Leibniz's Metaphysics
Gottfried Leibniz had a vision of a universal ambiguity-free language based on a new symbol set, a
characterica universalis, and a machine-like
calculus ratiocinator that would automatically prove all necessary truths, true in "all possible worlds."
Gottlob Frege called the idea "a system of notation directly appropriate to objects." In the three hundred years since Leibniz had this vision, logical philosophers and linguistic analysts have sought those truths in the form of "truth-functional" propositions and statements formulated in words, but they have failed to find a necessarily "true" connection between words and objects.

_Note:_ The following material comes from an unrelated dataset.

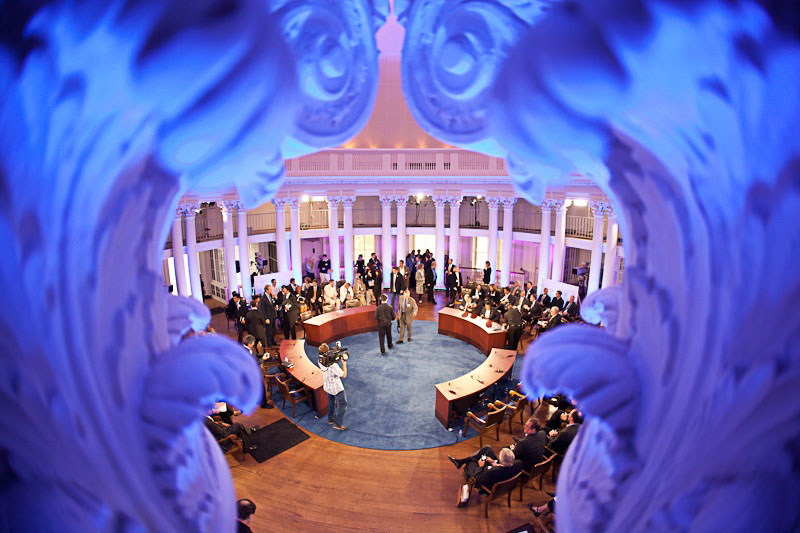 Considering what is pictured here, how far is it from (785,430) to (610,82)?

Information philosophy uses such system of notation, not in words, but in bits of digital information. And the interconnected computers of the Internet are not only Leibniz's
calculus ratiocinator, but humanity's storehouse of shared experiences and accumulated knowledge. Like the individual
Experience Recorder and Reproducer (ERR) in each human mind, the World Wide Web is our shared Knowledge Recorder and Reproducer. Computer simulations of physical and biological processes are the best representations of human knowledge about the external world of objects.
Leibniz's
Principle of Sufficient Reason says that every event has a reason or
cause in the prior state of the world. This appears to commit him to a
necessary determinism, but like the ancient
compatibilist Chrysippus, Leibniz argues that some empirical things are
contingent.
Leibniz formulated many logical principles that play a major role in current metaphysical debates.
One is his
Principle of Contradiction (
Aristotle's
Principle of Non-Contradiction), a proposition cannot be true and false at the same time, and that therefore A is A and cannot be not A.
That A is A follows from what Leibniz called the Indiscernibility of Identicals, the idea that no differences are perceivable between identical things. This came to be known as Leibniz's Law.
The Metaphysics of Identity
Leibniz calls identity of any object with itself as a primary truth.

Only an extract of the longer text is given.